The reason people say that you cannot copy it is referring to the "installed to" folder. After a program is installed, there are several places in the OS that are affected, mainly parts dispersed through the registry, plus a few extra places on disk, from Program Files\common files, Program Data folders to My Document folders. However, if you knew where exactly where every piece was located, and duplicated that in another computer with the same OS, and took into consideration effects those additions cause (e.g., checksums in other windows parts), it would look the same as if the program had been installed there originally. The key thing here is "the same OS." In your case, that will probably work.

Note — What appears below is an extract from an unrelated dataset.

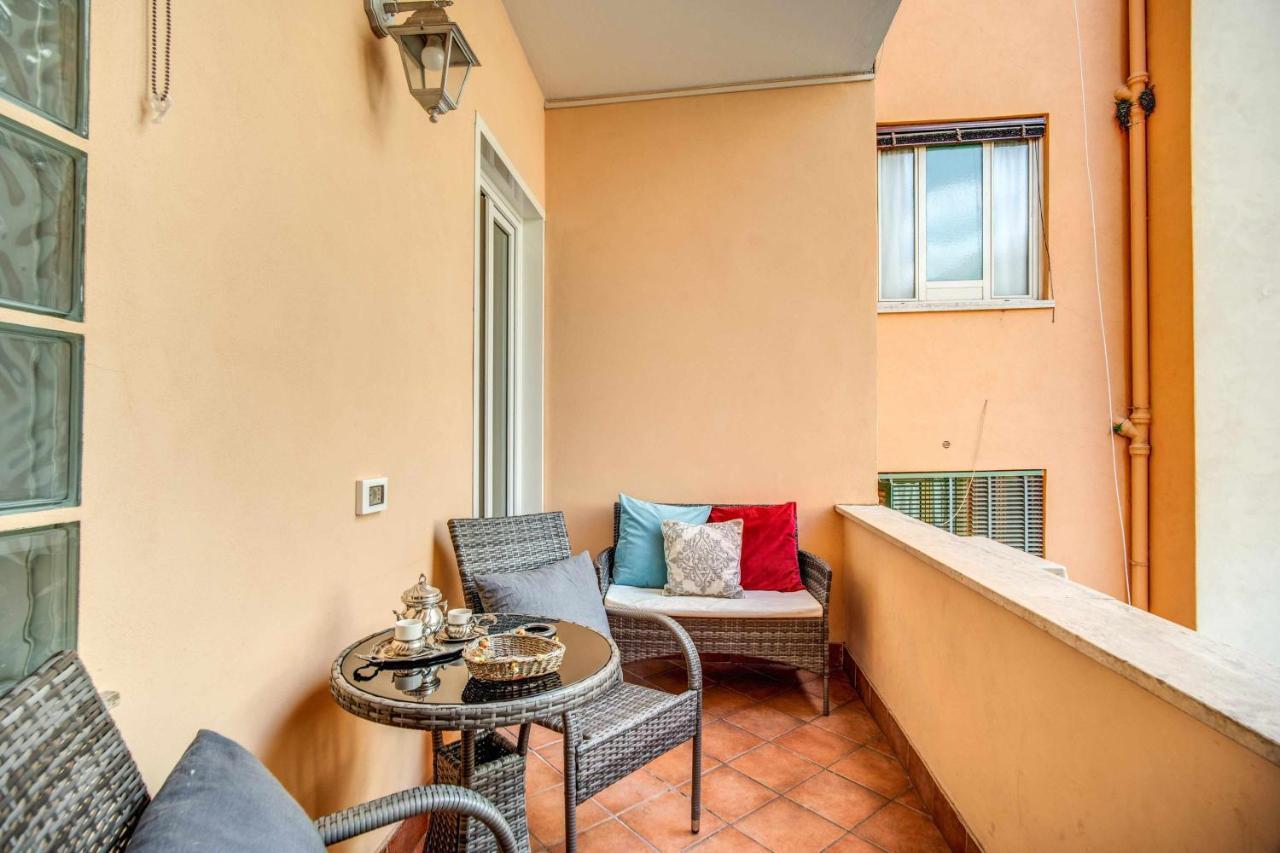 Original House In Trastevere Apartment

The problem is determining all of the parts and their effects.
An even bigger problem has been moving programs from an older OS to a newer OS. That problem resulted in the company LapLink (famous for transferring files from one computer to another in the early 80s using their "LapLink cable") to create PC Mover for XP. It was designed to move programs installed on an XP OS to Windows Vista or 7.
They have continued creating variants of the program, and now have one to move programs from one profile to another profile. That need is generally when a computer is attached to a domain (MS network within a company). If the company gets bought or merges, the domain often needs to change, which can cause a lot of program re-installs to take place, meaning lots of time and money spent just to get things operational again.
It seems conceivable that you are needing essentially the same thing. I cannot say for sure they can help, but it is valuable knowing that someone has been working on these types of problems for many years.
There is one other company that does a simpler thing by moving a program installed from one drive to another drive, but I do not think that it can help with Win10 moves (not updated recently).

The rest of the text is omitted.